‘Injury prediction’ is a divisive topic largely resulting from, in our opinion, confusion and misunderstanding on what is meant when using this term. To clarify how we approach ‘injury prediction’ we would suggest the concept of relative injury risk assessment. MSK injuries are, thankfully, relatively infrequent events and there is certainly a significant random component of any specific injury occurrence that makes them unpredictable.
So while we can’t know in advance when and where specific injuries will occur, for a given population of people and period of time, some people are predictably more likely to be injured than others. Reasons can include:
- Some people are more exposed to injury risk through their environment and activities than other people
- Some people are in a physiological state that is more prone to an injury than other people
Ok, so what is the point of ‘Injury Prediction’?
In the simplest sense, an understanding of which individuals in a group are most at risk can enable targeted injury rate reduction efforts. Because of the high costs of injuries, even small reductions in injury rates are extremely valuable and that value grows with the size of an affected organization (not to mention the positive psychological dynamic of keeping your people healthy!). This ultimately allows for a better standard of care for organizations, and enables all types of practitioners (physical therapists, coaches, and other clinicians) to scale and to focus their efforts more efficiently.

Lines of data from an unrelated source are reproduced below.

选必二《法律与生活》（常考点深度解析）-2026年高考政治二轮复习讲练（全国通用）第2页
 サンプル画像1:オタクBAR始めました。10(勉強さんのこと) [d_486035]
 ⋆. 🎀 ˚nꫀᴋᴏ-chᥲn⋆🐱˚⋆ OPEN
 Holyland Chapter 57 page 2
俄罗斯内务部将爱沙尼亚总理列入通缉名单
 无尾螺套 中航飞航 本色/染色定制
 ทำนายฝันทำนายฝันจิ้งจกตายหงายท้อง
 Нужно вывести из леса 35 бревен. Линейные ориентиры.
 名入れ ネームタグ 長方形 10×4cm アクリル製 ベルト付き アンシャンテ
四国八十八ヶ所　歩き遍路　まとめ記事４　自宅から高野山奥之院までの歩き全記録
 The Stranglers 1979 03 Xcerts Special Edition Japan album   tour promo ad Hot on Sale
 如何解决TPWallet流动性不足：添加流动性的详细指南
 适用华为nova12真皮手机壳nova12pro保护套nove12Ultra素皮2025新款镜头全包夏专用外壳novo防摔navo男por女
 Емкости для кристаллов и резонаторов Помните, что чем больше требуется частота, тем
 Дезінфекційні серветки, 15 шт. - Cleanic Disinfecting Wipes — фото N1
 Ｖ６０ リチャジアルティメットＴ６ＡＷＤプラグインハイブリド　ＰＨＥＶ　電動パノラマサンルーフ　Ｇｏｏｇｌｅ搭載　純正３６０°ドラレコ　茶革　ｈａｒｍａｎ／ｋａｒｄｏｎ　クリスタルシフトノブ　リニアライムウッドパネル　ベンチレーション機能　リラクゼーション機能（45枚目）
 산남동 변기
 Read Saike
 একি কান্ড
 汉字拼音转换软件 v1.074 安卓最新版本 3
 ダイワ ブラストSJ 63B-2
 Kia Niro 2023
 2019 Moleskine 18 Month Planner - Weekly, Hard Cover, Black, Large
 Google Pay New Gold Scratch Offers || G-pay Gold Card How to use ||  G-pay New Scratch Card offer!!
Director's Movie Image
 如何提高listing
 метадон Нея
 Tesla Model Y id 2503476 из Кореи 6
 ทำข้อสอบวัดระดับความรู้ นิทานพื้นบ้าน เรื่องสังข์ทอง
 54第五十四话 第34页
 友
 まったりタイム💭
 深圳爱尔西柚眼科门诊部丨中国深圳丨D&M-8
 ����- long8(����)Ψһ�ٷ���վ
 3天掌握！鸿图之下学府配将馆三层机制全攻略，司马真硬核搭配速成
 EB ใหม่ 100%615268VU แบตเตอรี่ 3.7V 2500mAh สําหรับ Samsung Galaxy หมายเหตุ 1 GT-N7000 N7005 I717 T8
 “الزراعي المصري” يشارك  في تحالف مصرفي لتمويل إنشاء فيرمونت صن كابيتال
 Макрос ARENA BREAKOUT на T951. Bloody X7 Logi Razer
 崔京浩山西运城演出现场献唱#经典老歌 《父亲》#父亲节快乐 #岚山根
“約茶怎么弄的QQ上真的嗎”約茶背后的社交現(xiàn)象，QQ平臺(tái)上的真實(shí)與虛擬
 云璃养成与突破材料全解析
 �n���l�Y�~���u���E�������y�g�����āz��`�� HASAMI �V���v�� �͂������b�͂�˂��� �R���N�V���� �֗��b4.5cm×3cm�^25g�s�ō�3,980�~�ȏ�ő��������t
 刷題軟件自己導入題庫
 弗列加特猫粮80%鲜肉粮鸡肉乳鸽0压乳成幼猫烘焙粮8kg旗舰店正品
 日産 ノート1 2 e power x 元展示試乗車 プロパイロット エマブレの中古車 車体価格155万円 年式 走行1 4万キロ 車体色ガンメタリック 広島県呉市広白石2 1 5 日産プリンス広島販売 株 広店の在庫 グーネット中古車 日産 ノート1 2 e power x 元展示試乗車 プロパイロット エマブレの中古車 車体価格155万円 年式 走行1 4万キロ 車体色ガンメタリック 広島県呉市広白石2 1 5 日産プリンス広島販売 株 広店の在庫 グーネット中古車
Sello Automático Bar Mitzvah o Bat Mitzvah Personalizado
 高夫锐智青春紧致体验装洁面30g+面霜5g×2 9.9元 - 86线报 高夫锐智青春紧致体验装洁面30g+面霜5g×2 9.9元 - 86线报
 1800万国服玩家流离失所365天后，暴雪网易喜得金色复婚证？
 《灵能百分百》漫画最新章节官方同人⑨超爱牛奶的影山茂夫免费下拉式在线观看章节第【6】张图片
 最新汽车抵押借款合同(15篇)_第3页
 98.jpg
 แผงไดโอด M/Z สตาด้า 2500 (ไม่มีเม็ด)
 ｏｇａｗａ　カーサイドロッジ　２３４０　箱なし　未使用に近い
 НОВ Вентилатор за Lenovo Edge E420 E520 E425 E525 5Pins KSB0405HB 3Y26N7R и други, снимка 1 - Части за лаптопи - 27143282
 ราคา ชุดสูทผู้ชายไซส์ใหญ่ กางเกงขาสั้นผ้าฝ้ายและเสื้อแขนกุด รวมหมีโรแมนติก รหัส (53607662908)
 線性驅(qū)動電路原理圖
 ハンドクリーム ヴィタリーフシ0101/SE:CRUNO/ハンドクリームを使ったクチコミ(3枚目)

The Process: A data-driven approach
Despite this potential value, strategic and scalable efforts to assess injury risk have been very limited. Much of the existing knowledge around injury risk is based on small laboratory based approaches with limited impact on operational real-world settings. However, rapidly expanding capabilities and availability of data collection and modeling technologies (e.g. machine learning) are making relative injury risk assessment at an organizational level a reality.
The foundation for a data-driven approach to relative injury risk assessment is straight forward:
The availability of data that can support movement health-related analyses has substantially improved in the past several years with the improved availability to collect data (wearables, sensors, cameras… we’re partial to force plates and the combination of sensor data). The laboratory-based research studies that have been performed for years have shown the ability to measure physiological characteristics that are related to injury risk, even if the real-world application has been limited. To make relative injury risk assessment operational, this type of data and injury occurrence data needs to be systematically and reliably collected at scale. Technology is improving rapidly.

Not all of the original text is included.